2. Advanced Video Recommendations

Improve recommendation systems by incorporating vector-based similarity search on user preferences, video descriptions, and user interactions.

Data Model Changes:

  • Incorporate vector columns in relevant tables such as video_recommendations or create a new dedicated table for vector-based recommendations.
    ALTER TABLE killrvideo.video_recommendations ADD recommendation_vector VECTOR<FLOAT, 128>;
    or, for a dedicated approach,
    CREATE TABLE killrvideo.video_recommendations_vs (
      userid uuid,
      videoid uuid,
      recommendation_vector VECTOR<FLOAT, 128>,
      PRIMARY KEY (userid, videoid)
    )
    WITH CLUSTERING ORDER BY (userid ASC);

3. Comment Sentiment Analysis

By analyzing the sentiment of the comments, the platform can better understand user engagement and filter or highlight comments based on positivity.

Data Model Changes:

  • Add a sentiment_score column to the comments_by_video and comments_by_user tables.
    ALTER TABLE killrvideo.comments_by_video ADD sentiment_score float;
    ALTER TABLE killrvideo.comments_by_user ADD sentiment_score float;
  • Create a vector table for sentiment analysis on comments.
    CREATE TABLE killrvideo.comments_sentiment_vs (
      commentid timeuuid,
      comment text,
      sentiment_vector VECTOR<FLOAT, 5>,  -- Example dimension for sentiment
      PRIMARY KEY (commentid)
    );

4. Tag Generation for Videos

Automatically generate and suggest tags for new videos based on video descriptions and names using Natural Language Processing (NLP).

Data Model Changes:

  • Implementing AI to suggest tags doesn't require changes to the existing schema but integrating an AI model to process video uploads and updating the tags set in the videos table accordingly.

Vector Search Integration

To support AI-driven features like summarization, recommendation, sentiment analysis, and tag generation, vector search capabilities have been introduced into the data model. These capabilities enable similarity-based operations, leveraging the semantic understanding of content.
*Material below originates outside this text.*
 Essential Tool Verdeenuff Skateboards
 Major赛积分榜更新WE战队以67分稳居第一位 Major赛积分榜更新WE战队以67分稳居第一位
Example Usage with Generative AI:

  1. Recommendation Enhancements:

    • After generating embeddings for video content and user preferences, use vector search to find the closest matches for personalized recommendations.
  2. Sentiment Analysis on Comments:

    • Use vector search to find comments with similar sentiments, enabling features like filtering comments by positivity or negativity.

Conclusion

Enhancing the KillrVideo schema with Generative AI and vector search capabilities can significantly improve user experience through personalized content, better engagement through sentiment analysis, and efficient management of content through summarization and tagging. The vector search functionality in Cassandra adds a powerful tool for leveraging semantic similarities within the data, paving the way for advanced AI-driven features in applications.